___ Data segment ___
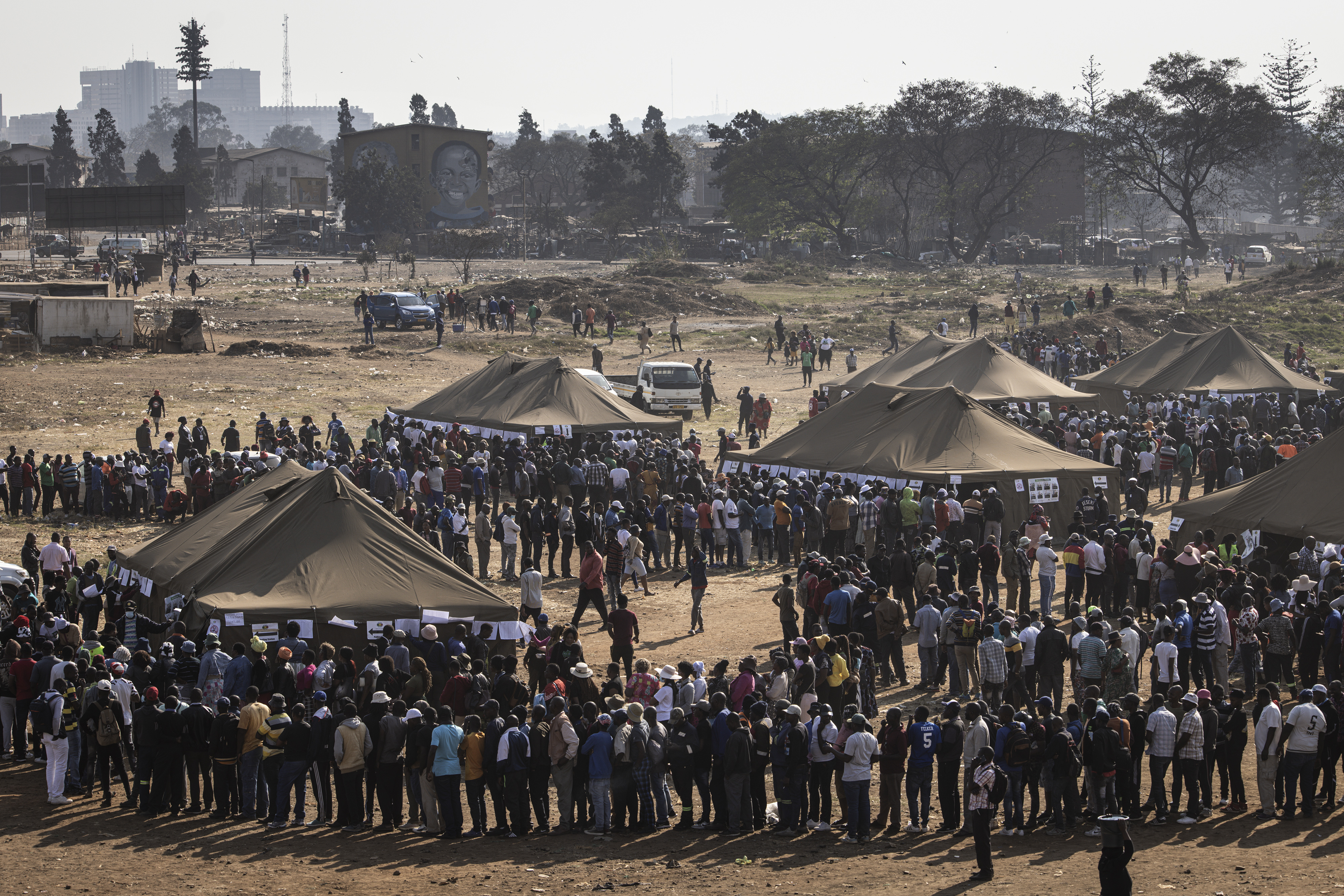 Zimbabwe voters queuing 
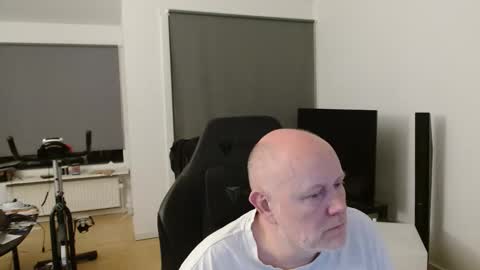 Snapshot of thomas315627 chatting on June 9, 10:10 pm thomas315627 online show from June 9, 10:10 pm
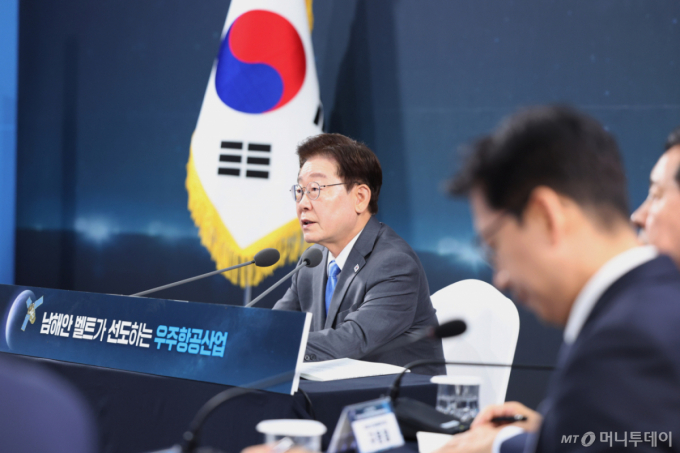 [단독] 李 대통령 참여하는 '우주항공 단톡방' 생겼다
___
● Exercise instructions
Pictures are to be omitted; otherwise, write out the data exactly as it appears.

● Solution to this task
 Zimbabwe voters queuing 
 Snapshot of thomas315627 chatting on June 9, 10:10 pm thomas315627 online show from June 9, 10:10 pm
 [단독] 李 대통령 참여하는 '우주항공 단톡방' 생겼다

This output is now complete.